◆ **HOW TO COMPLETE THIS TASK**: No pictures belong in the copy. Set down exactly the lines from the one that contains "Espejo Rectangular Negro 163x53" through the end of the data.

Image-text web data

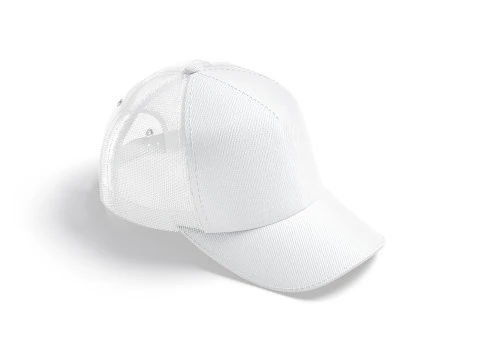 White Trucker Hat - sport mesh baseball cap 3D Model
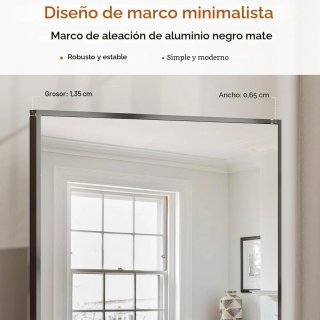 Espejo Rectangular Negro 163x53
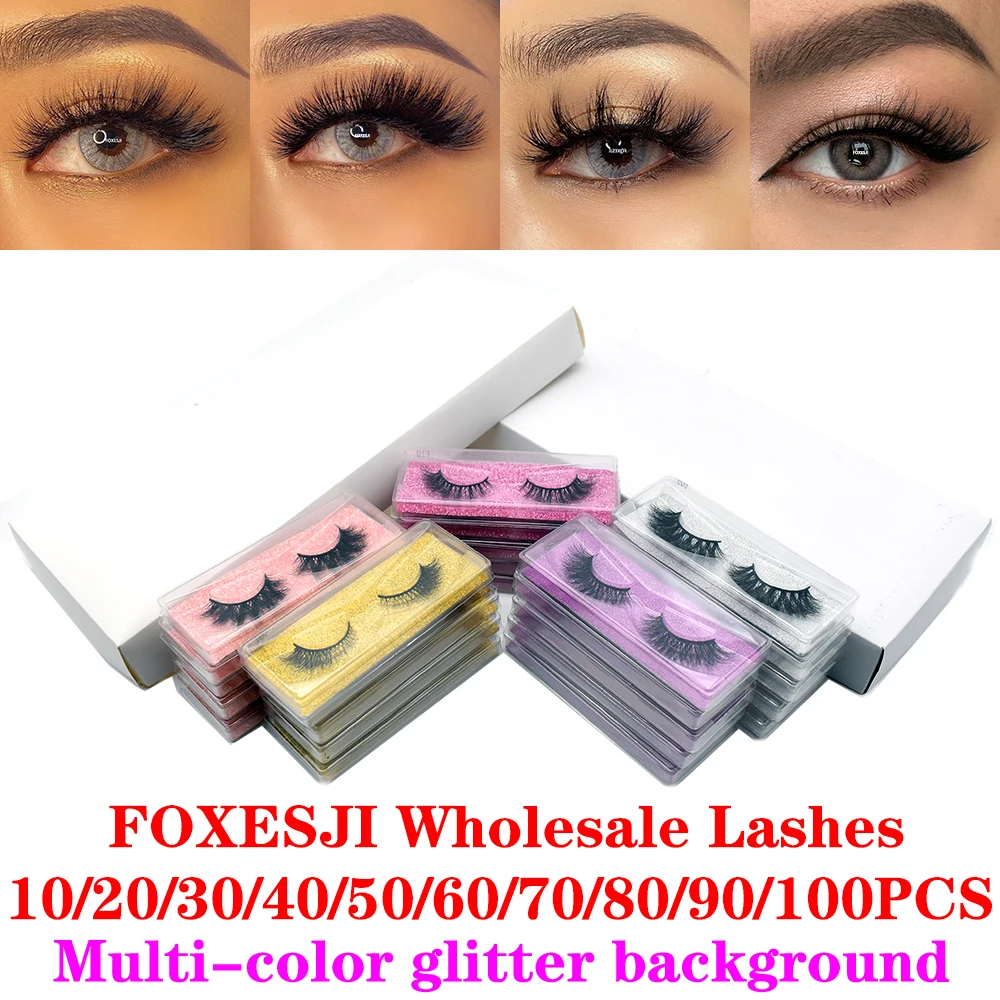 

FOXESJI Bulk Items Wholesale Mink Eye Lashes For Business Fluffy Soft Wispy Full strip Lashes Extension Natural False Eyelashes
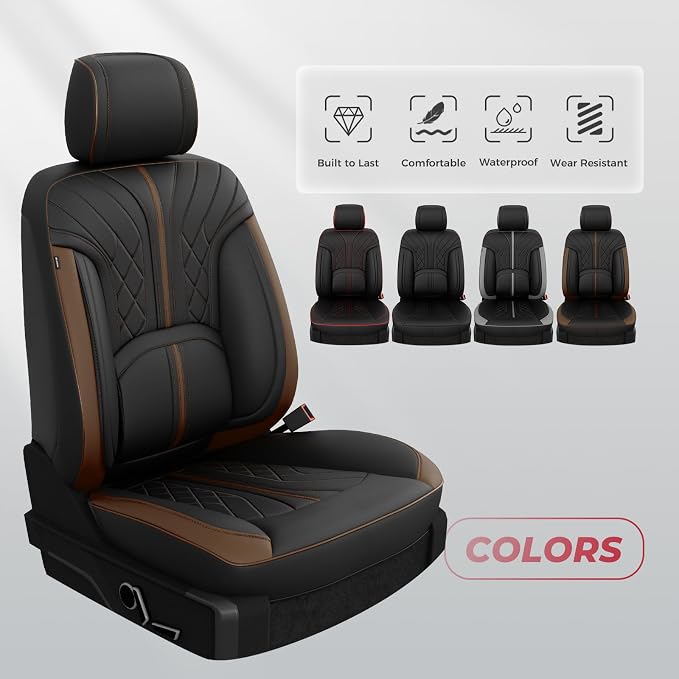 FREESOO Leather Seat Covers for Ford F150 SuperCrew/Crew Cab 2015-2026 | Fits F250/F350/F450 Super Duty 2017-2026, Custom Fit, Waterproof, Bucket Seat, Airbag Compatible, Lumbar Support, Easy-clean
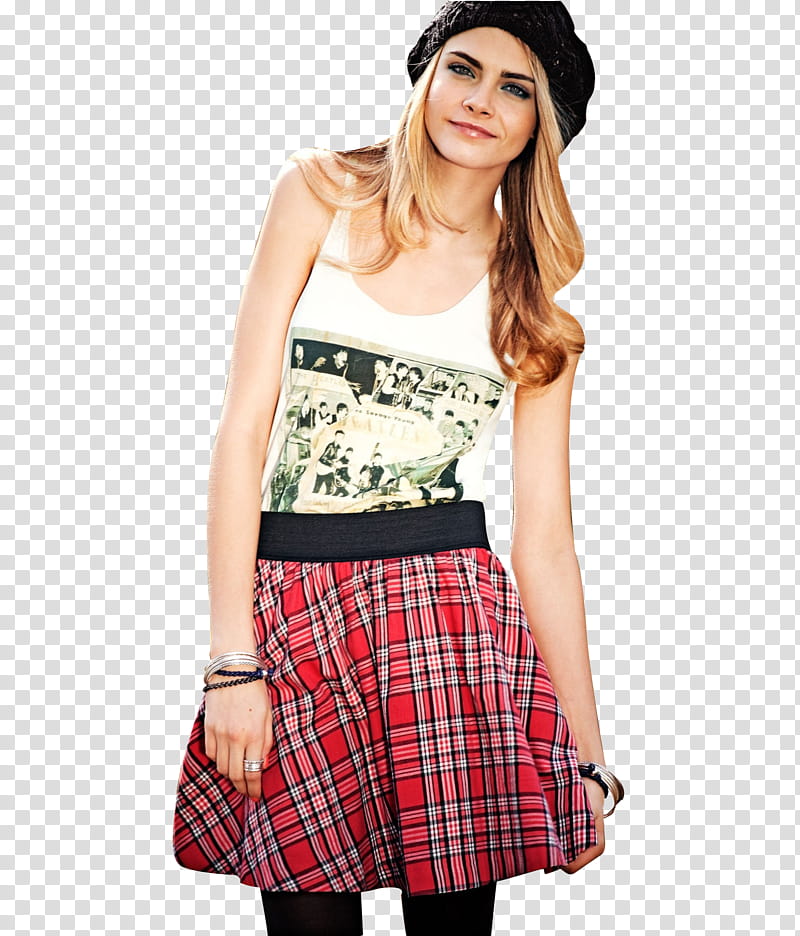 Cara Delevigne, woman wearing white tank top and pink and red skirt transparent background PNG clipart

◆ **SOLUTION TO THIS EXERCISE**:
 Espejo Rectangular Negro 163x53

FOXESJI Bulk Items Wholesale Mink Eye Lashes For Business Fluffy Soft Wispy Full strip Lashes Extension Natural False Eyelashes
 FREESOO Leather Seat Covers for Ford F150 SuperCrew/Crew Cab 2015-2026 | Fits F250/F350/F450 Super Duty 2017-2026, Custom Fit, Waterproof, Bucket Seat, Airbag Compatible, Lumbar Support, Easy-clean
 Cara Delevigne, woman wearing white tank top and pink and red skirt transparent background PNG clipart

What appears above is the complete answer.